All this week, EFF is at the annual general meeting of ICANN, the global multi-stakeholder regulatory authority for Internet domain names and IP addresses. Our focus during this meeting is on speaking out against the increasing use of the domain name system as a mechanism for content censorship. During two presentations on Tuesday, we presented this in the form of a short and simple message to ICANN, to the registries who operate its top-level domains, and the registrars who offer domains to the public: don't pick up the censor's pen.
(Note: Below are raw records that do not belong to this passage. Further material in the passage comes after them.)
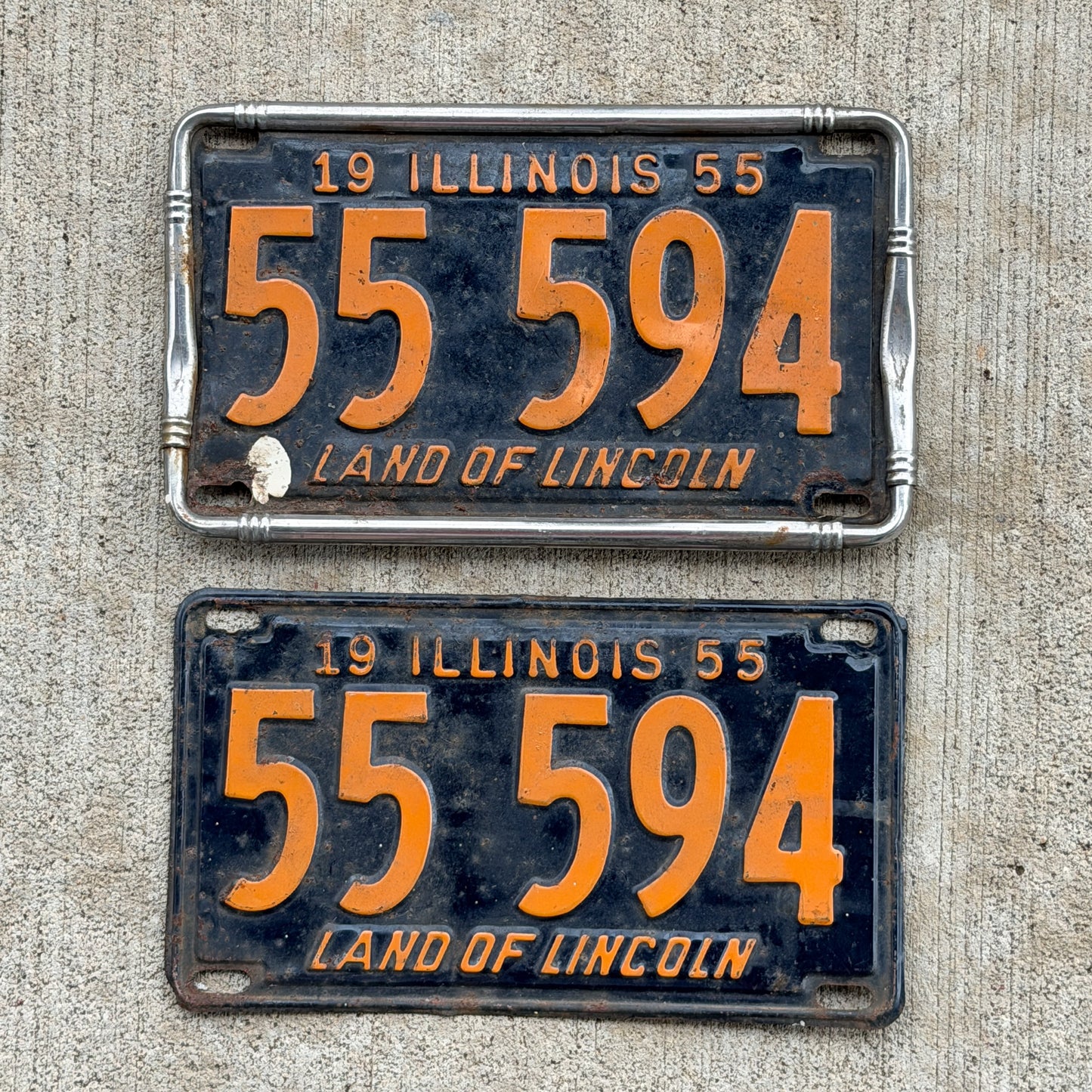 Photo of a 1955 Illinois License Plate Pair Auto Tag Garage Decor Vintage With Frame 55 594 with original patina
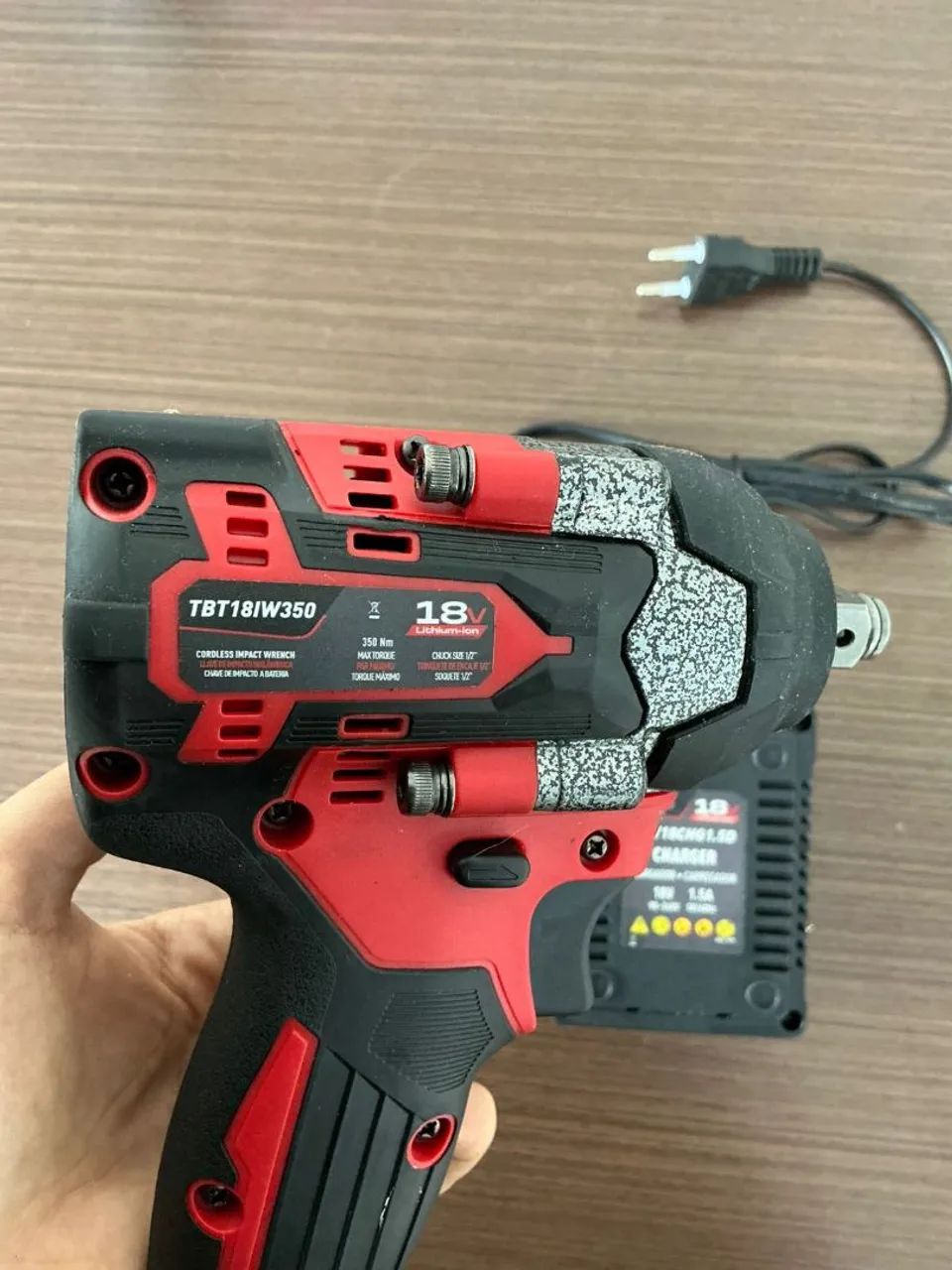 chave de impacto a bateria Toyama TBT18IW350-K - Ferramentas de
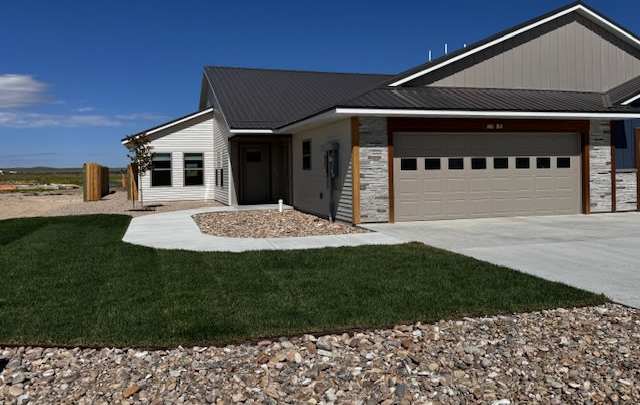 406 Walnut Court East 10A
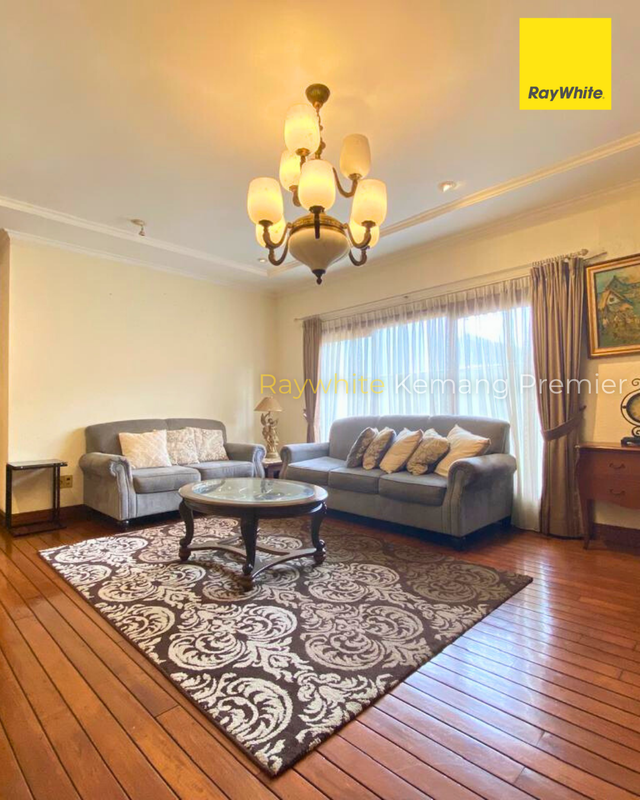 Rumah mewah gaya arsitektur klasik tropis dengan sentuhan Mediterranean di Ampera Kemang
Back in August, you may recall that domain name registrars GoDaddy and Google both terminated service to the publisher of the odious Nazi website Daily Stormer, in a move that, while popular, set a dangerous precedent. Since then, other domain registrars regrettably followed suit when the Daily Stormer tried to register new domains with them. These included Namecheap, whose CEO Richard Kirkendall explained his decision by saying:
The fact is, this should have never had to be our decision. Yes the domain fits into our description of what constitutes incitement of violence and I believe that their violation of our ToS would hold up in a court of law. … But is this the right thing for freedom of speech and should a registrar be the one making this decision? I don’t think so. In a perfect world, a registrar should be able to remain neutral in these situations regardless of public opinion but the fact of the matter is that this cannot happen in reality.
Not all domain registrars are created equal when it comes to what content they allow to be associated with their customers' domains. GoDaddy has often failed to protect the speech rights of its customers, having suspended protest websites without receiving any court order or following the kind of accountable process that we recommend. We're hopeful that new leadership at GoDaddy will reverse this trend. But in many ways what Google did was more dangerous; it not only cancelled Daily Stormer's domain, but also placed it into an unusual "ClientHold" status which prevented it from being moved to any other registrar. Google effectively took that domain name, driving Daily Stormer to a Tor hidden service and setting the precedent that a domain name can be taken from a customer by any registrar who happens to manage it.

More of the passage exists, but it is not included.